*What to do*:
Copy out exactly, from the entries that follow, the line holding "Mediterranean Monk Seal", the line holding "Afriška prašičja kuga", and all lines between them, but no pictures.

*Extracted records*:
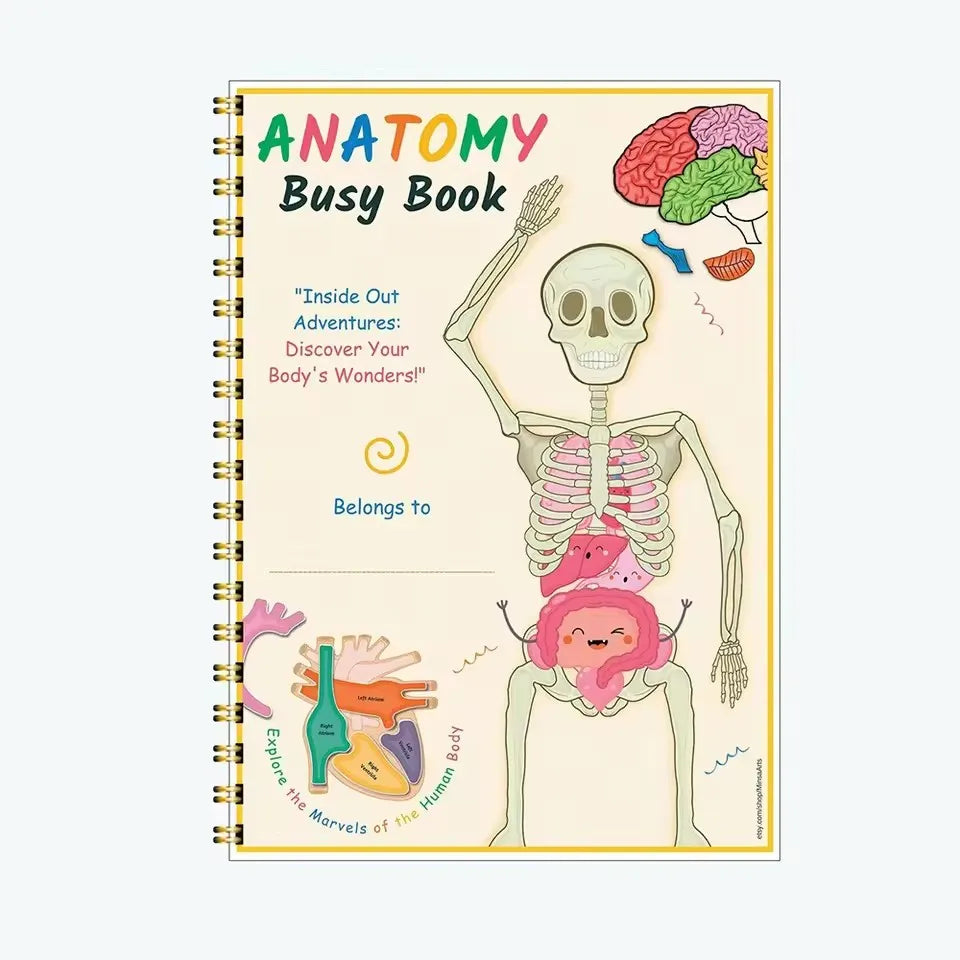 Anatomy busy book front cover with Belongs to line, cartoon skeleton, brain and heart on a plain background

==

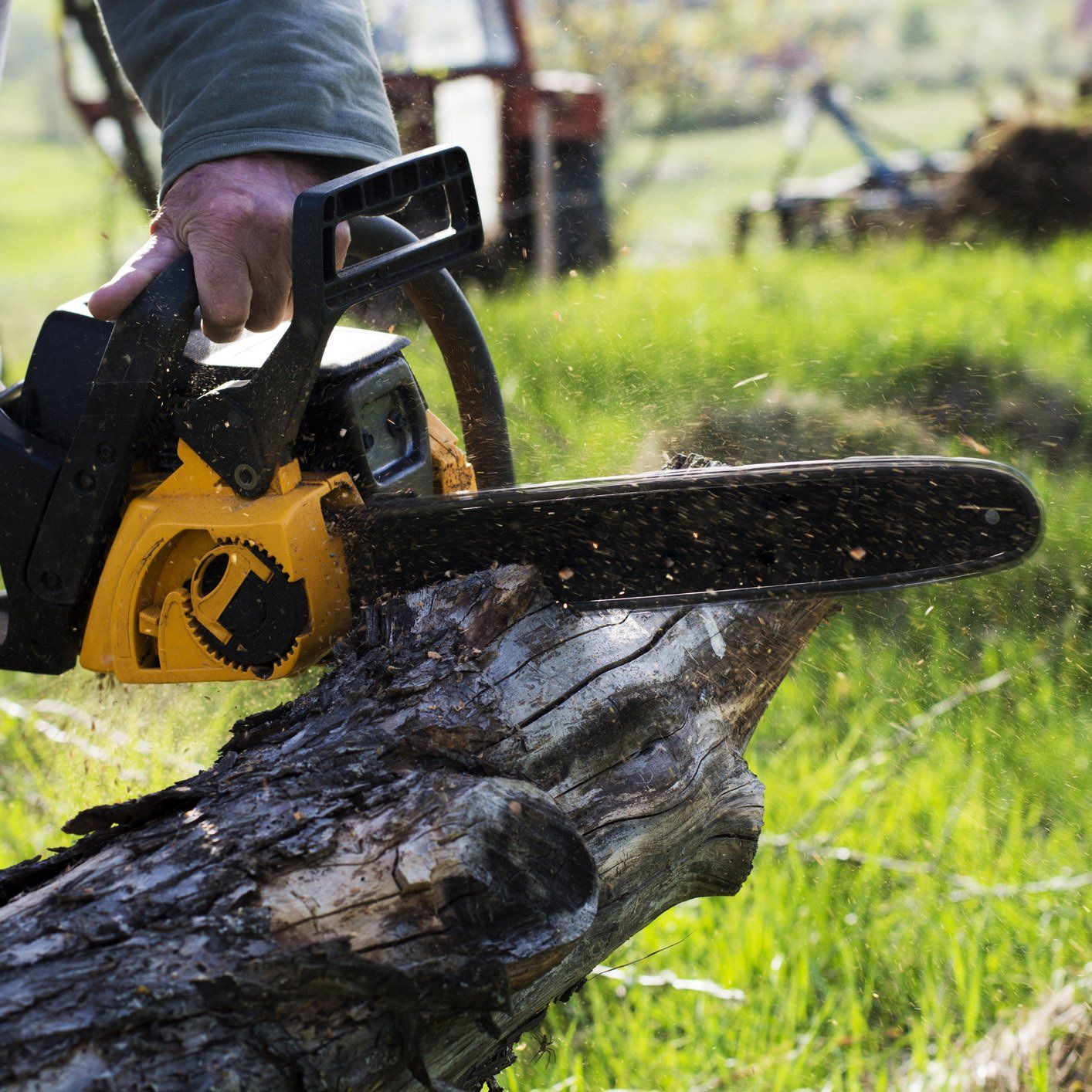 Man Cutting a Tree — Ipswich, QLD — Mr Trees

--

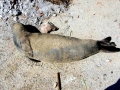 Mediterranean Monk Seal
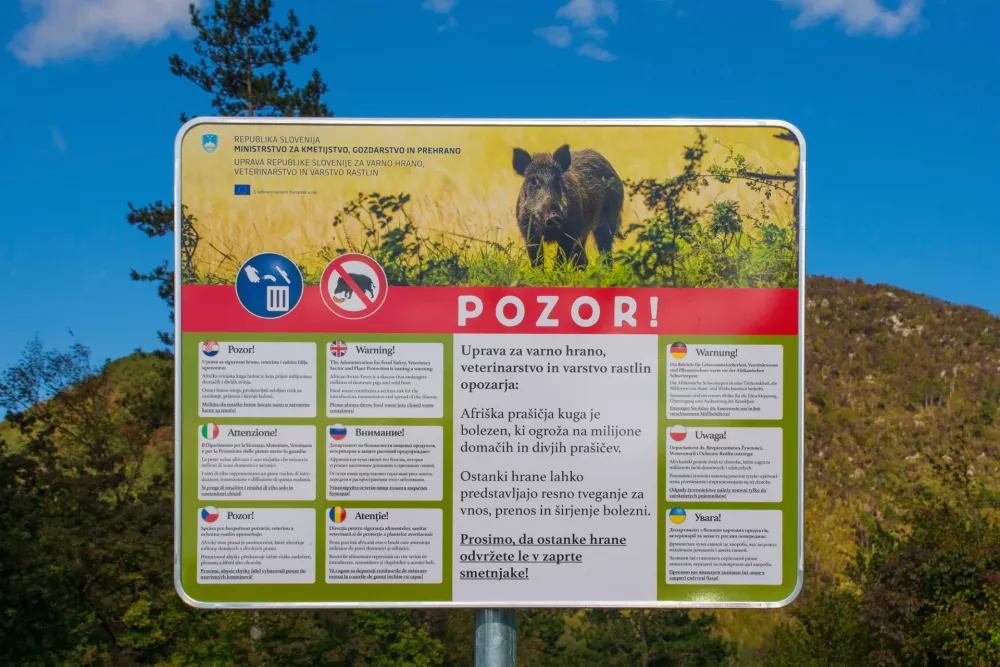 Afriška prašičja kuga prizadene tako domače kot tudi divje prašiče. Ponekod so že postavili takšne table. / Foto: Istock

*Exercise output*:
 Mediterranean Monk Seal
 Afriška prašičja kuga prizadene tako domače kot tudi divje prašiče. Ponekod so že postavili takšne table. / Foto: Istock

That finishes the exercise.